If you’ve seen my talks about information overload and discovery then you may recognize the image above.¹ It’s borrowed from the Eigenfactor Mapping Science research done by Carl Bergstrom, Jevin West and Martin Rosvall. We’ve done some work with the Eignenfactor at SSRN and understand the benefits of applying eigenvectors to a large corpus of content and mapping the relationships between those pieces of content. In my talk, I share that one of the solutions to the information overabundance is a good map and a trusted recommendation.
There are a lot of maps out there and many more being created every day. Unfortunately, we are beginning to see an overabundance of maps. When I spoke with Jennifer Lin last week about the map in her talk at CrossRef’s 2015 Annual Meeting, I was a little skeptical. She outlined CrossRef’s efforts to collect data and create an “open map” of scholarly communication that would be navigable by both humans and machines. In the related blog post, Jennifer elaborates on the map, providing a better picture of the “infrastructure” that needs to be built and its benefits, including a very valid point about discovery being related to connectedness.
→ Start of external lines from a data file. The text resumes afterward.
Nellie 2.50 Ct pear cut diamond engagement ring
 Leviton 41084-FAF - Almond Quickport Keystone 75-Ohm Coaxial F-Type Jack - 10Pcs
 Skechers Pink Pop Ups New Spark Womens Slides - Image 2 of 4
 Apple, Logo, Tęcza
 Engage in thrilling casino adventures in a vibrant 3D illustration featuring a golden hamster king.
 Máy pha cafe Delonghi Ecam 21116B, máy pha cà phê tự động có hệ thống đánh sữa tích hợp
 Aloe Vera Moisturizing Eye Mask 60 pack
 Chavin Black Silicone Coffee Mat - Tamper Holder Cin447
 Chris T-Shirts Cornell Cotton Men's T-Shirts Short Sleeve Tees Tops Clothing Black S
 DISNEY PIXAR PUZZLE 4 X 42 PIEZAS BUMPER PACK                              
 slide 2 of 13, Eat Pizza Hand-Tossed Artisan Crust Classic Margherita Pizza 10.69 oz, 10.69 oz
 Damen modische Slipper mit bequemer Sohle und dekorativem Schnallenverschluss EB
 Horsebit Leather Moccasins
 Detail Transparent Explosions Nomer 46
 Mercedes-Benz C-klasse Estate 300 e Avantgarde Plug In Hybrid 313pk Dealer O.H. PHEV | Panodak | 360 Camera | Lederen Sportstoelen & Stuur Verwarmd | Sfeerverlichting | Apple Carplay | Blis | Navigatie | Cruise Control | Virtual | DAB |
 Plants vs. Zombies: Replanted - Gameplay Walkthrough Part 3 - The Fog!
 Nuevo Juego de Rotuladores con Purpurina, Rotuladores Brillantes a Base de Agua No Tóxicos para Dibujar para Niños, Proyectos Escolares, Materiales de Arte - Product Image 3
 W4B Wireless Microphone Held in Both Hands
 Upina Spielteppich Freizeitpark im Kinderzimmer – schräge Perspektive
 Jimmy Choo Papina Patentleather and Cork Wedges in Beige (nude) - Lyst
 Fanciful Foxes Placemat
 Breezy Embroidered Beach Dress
I agree that connections are important and aggregating the data in a usable format (creating the map) will enhance the normal evolution of discovery. But, I believe there is a more Kuhnesque set of opportunities. The scholarly community and its associated data are not a 2D, or even 3D, map; we need to think multidimensionally to fully capture the complexity. Connecting the pins is important, but there are incredible (possibly revolutionary) opportunities for different disciplines to create different planes at their granular, community levels and then intersect those planes using Jennifer’s infrastructure. The infrastructure could change the way most people think about discovery. It may, by helping people navigate the enormous amount of connected material, also mitigate what Dan Kahan calls the scientific communication paradox – “persistence of divisive conflict in the face of compelling scientific evidence.”
SSRN supports openness (access, data, science). It is a critical element in this infrastructure. But openness is not the first, or only piece of the puzzle. In order for an open infrastructure of scholarship to be created, a critical mass of scholarly data must be made available. One of the points in my post on the STM’s Consultation on Article Sharing was the need for clear guidelines and consistency across publishers. If we are going to connect the pins, we need to be confident about what can be shared and that the points we are connecting aren’t going to disappear in the future. Significant contributions will be needed from large publishers to get to critical mass, and enough small publishers will need to contribute to add texture to the landscape.
I can imagine how an infrastructure of this magnitude might flourish, but I know a thousand minds will create a million possibilities. Jennifer’s blog post references metastructure, one of the revolutionary possibilities. Just as Uber is changing transportation and evolving the networks for a future of autonomous cars, through the creation of a transportation metastructure, a similar “phase transition, like the first signs of order forming around a seed of crystal” maybe, possibly, could be applied to scholarly communications. Now, THAT would be one heck of a map for us to build on!